"Soft skills" may be a misnomer, as I suggested in a recent post, but they are still essential to management and leadership.
To make them more workable we need to redefine them and to remove the errant connotations of softness.
Soft skills are people skills. They are organizational and motivational. They matter because, as I once read, successful executive leadership involves getting other people to do things. Also, to get them to like what they are doing, to work harder at their tasks, and to like the people they are doing it with.
Management and leadership involve getting others to function effectively in a group... whether to study a problem or to implement a policy.
If you do a Google search you will find that all of the soft skills mavens say that the basis of leading, managing, and getting along is... empathy.
But, what exactly is empathy?
If you look at the Wikipedia compilation of the different definitions you will see that they are diverse and confused. Link here.
It is very difficult to teach or to apply a skill when no one seems to know what it really is.
Most coaches know that leadership is not about ordering people around and assuming that when you say jump they will all jump. So they offer empathy as a corrective. For them it means that an executive must understand that his staff members have feelings too.
It is difficult to imagine that a person gains a position of executive leadership without knowing that other people have feelings, but stranger things have happened.
Strictly speaking, empathy means: feeling someone else's feelings. At its root it involves pathos, thus, pity.
But then, do you really believe that an effective executive can lead his team by feeling sorry for them? Or because he feels their pain?
You cannot manage people by declaring that you feel their pain. Most sentient individuals, hearing that someone feels their pain, will respond, correctly, that he does not. The best you can ever do is to feel your own pain.
And what makes you imagine that you can feel the feelings of someone you have very little in common with? Does the grizzled male executive have any real sense of what it feels like to be a twentysomething modern woman?
When someone confesses a painful experience, the best you can usually do is to respond in kind... not by saying that you feel his pain, but by telling of a similar experience.
The question is: is this empathy or are you simply reciprocating, as though you were exchanging gifts. It seems to be more about reciprocity than about fellow feeling.
Worse yet, the term empathy seems to suggest that when someone comes to an executive with a plaintive excuse for why he is chronically late or cannot focus on his work, the executive should feel his pain.
I am sure you know that this is bad management technique. You might forgive the person is he is sufficiently apologetic, but excusing him because you feel his pain will create dissension and drama in the ranks.
Some thinkers have balked at the notion of fellow feeling. It is a bit too soft for their tastes. Their definition suggests that empathy involves putting yourself in someone else's shoes. This means that you should be conscious of the effects your words or actions produce in another person.
I will pass over the fact that putting yourself in someone else's shoes can feel invasive or intrusive. Would it not be better to respect the integrity of the feelings of others?
Nonetheless, being aware of the effects you are evoking in others is a basic conversational skill. When you are talking to another person you should know how to pick up both verbal and nonverbal cues. You should be aware of the way a person words something and the wording that they are avoiding. And you should know how to read facial expressions, physical gestures, and tone of voice. Then you should modulate your conversation accordingly.

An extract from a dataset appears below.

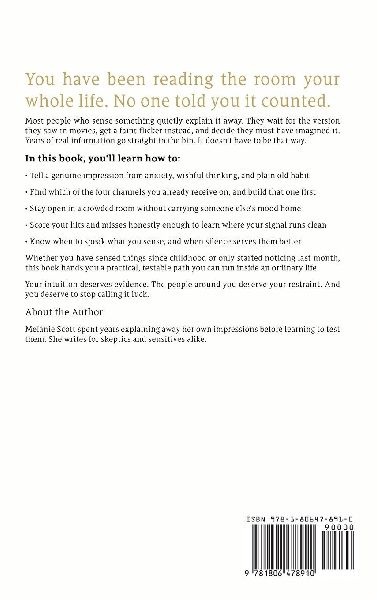 Awakening Your Psychic Abilities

As I have been at pains to assert in other blog posts, conversation is not about giving full voice to your feelings or saying whatever comes to mind. It involves establishing a connection with another person by engaging in a reciprocal, and measured, exchange of information, thoughts, and feelings.
Your goal should be to establish something like a harmonious exchange. And this is a better leadership model that imposing your will on another person and then feeling the pain they are feeling for being bossed around.

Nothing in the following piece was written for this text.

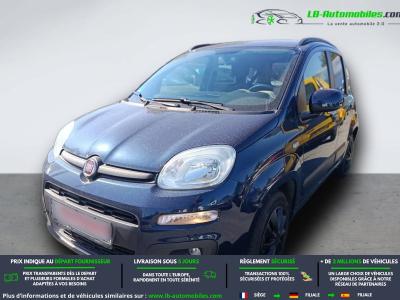 Fiat Panda 1.2 69 ch BVM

An effective leader should not lord it over people. But the skills involved go beyond empathy.
First, an effective leader must respect his staff, respect their ideas, and involved them in the deliberative process. Instead of telling them that he feels their pain, he should tell them that he finds something of great value in their ideas or their performance. Not so much because because he has invaded their mental space but because he wants them to be involved in the process.
Making too much of empathy can lead us astray in another way. If your team is competing against another team you certainly do not want your players to empathize with their opponents.
If you want your team to be fiercely competitive, it is not a great idea to have them learn to shower the world with empathy.
How can you do this? Simply, by going beyond empathy and recognizing that the true basis for effective leadership is setting a good example.